Quelle époque vit-on donc où on peut accorder crédit à des revendications aussi ridicules que radicales alors que des enfants meurent encore partout et que la pollution détruit la Nature et que les vraies épidémies sévissent ?
On aurait alors des mots à rallonges avec une kyrielle de points médians ? de mots bricolés? De mots supprimés parce qu'ils offensent tel ou tel groupuscule en mal de visibilité sur le web ? Et dans la vie n'ont-ils pas de moyen de se rendre visibles, utiles, actifs ? Il ne manque pas de causes qui manquent soit de bras, soit de fonds . Y compris les centres d'accueil de femmes battues ...

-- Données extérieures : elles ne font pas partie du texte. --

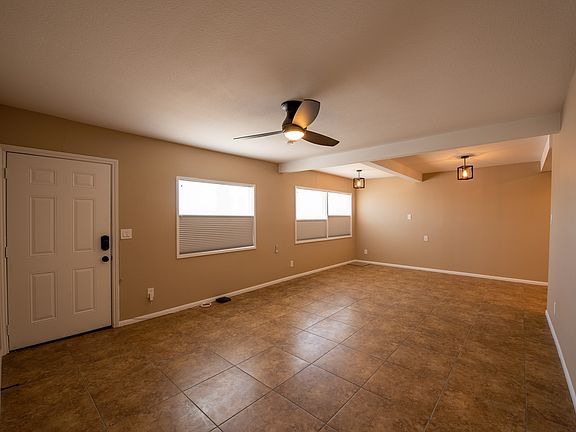 111-Silver-ForRent-NevadaDesertRealty-33_09032019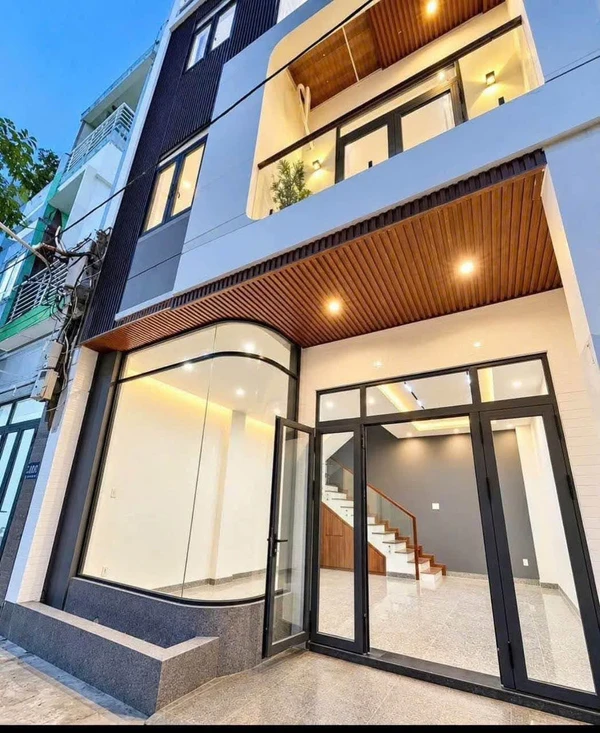 Bán nhà 3 tầng 42m² mặt tiền Nguyễn Thái Học, Quy Nhơn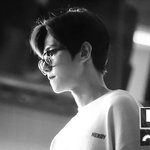 [백현] <b>선글</b>한번걸쳤을뿐인데..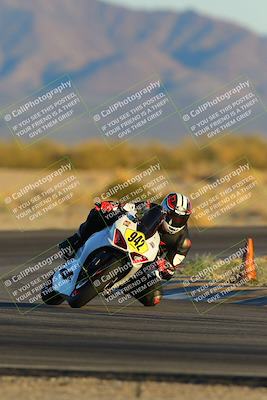 media/Jan-21-2023-CVMA (Sat) [[b9eef8ba1f]]/Race 12 Amateur Supersport Open/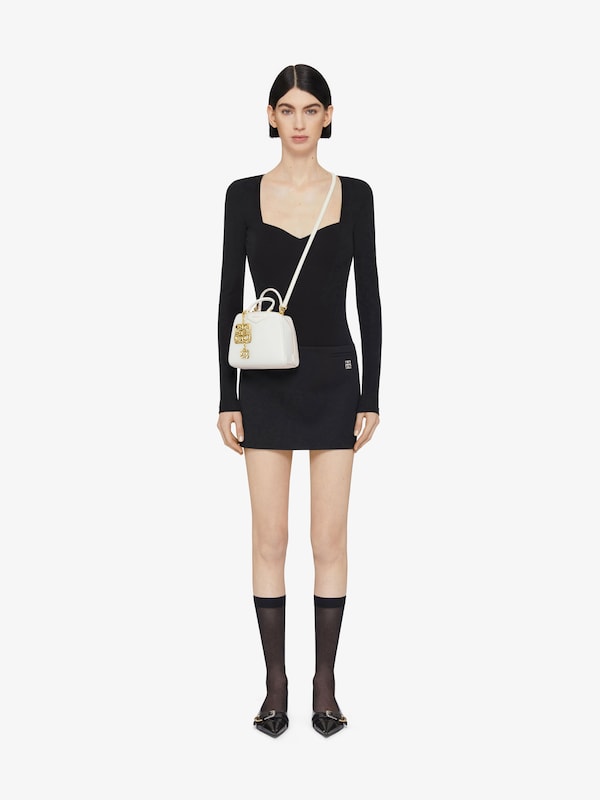 Givenchy Nano Antigona Cube bag in leather with charm Tienda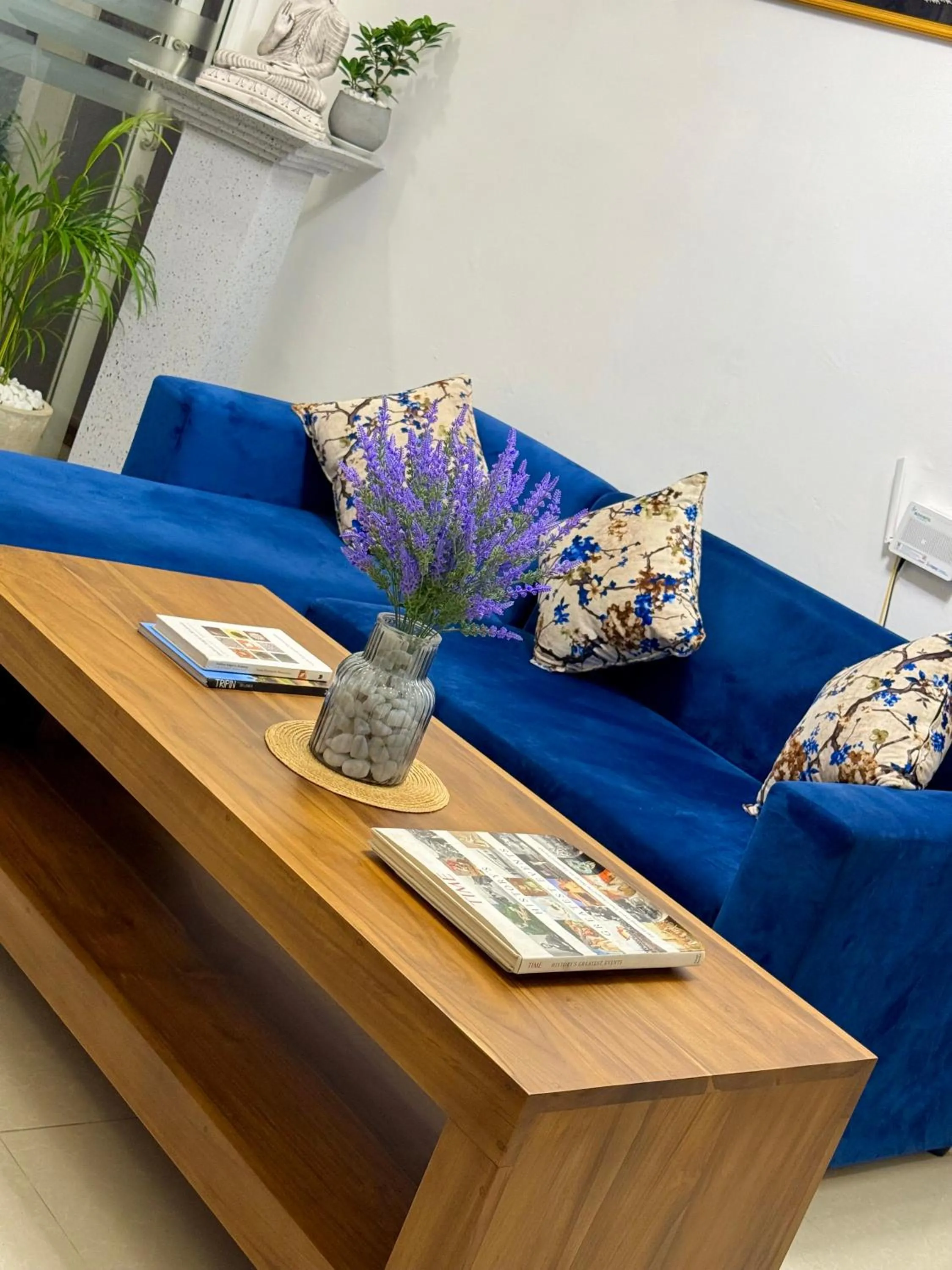 Living room in Sasmika Villa Surf and Yoga Hostel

Soyons sérieux certes le français a des variantes il n'est pas monolithe, on ne parle pas tout à fait à Marseille comme à Bordeaux ou à Lille ni à 70 ans comme à 18. Ni comme au XVI° siècle mais il existe moins de différences grammaticales et lexicales entre un texte littéraire du début du XIX° siècle et du milieu du XX° qu'entre ce que j'écris ici et ce qui s'écrit sur certains blogs ou sites rédigés par des personnes nées au début de ce millénaire. Ce n'est plus une évolution, c'est une autre langue Où est notre langue commune -et non figée - , celle dans laquelle notre littérature reste écrite ? Celle que les étrangers apprennent (encore, pour le moment )Et si elle a été fixée tard (argument qu'on avance pour tout changement artificiel) c'est je le rappelle pour qu'on n'ait pas besoin d'un interprète pour se comprendre, pour unifier les habitants d'un territoire reconnu comme commun d'où qu'ils viennent, quel que soit leur milieu social et.. leur âge, leurs opinions, leur sexe . La langue est un outil de pensée pour tous, pas un territoire à conquérir pour quelque"bonne cause" que ce soit.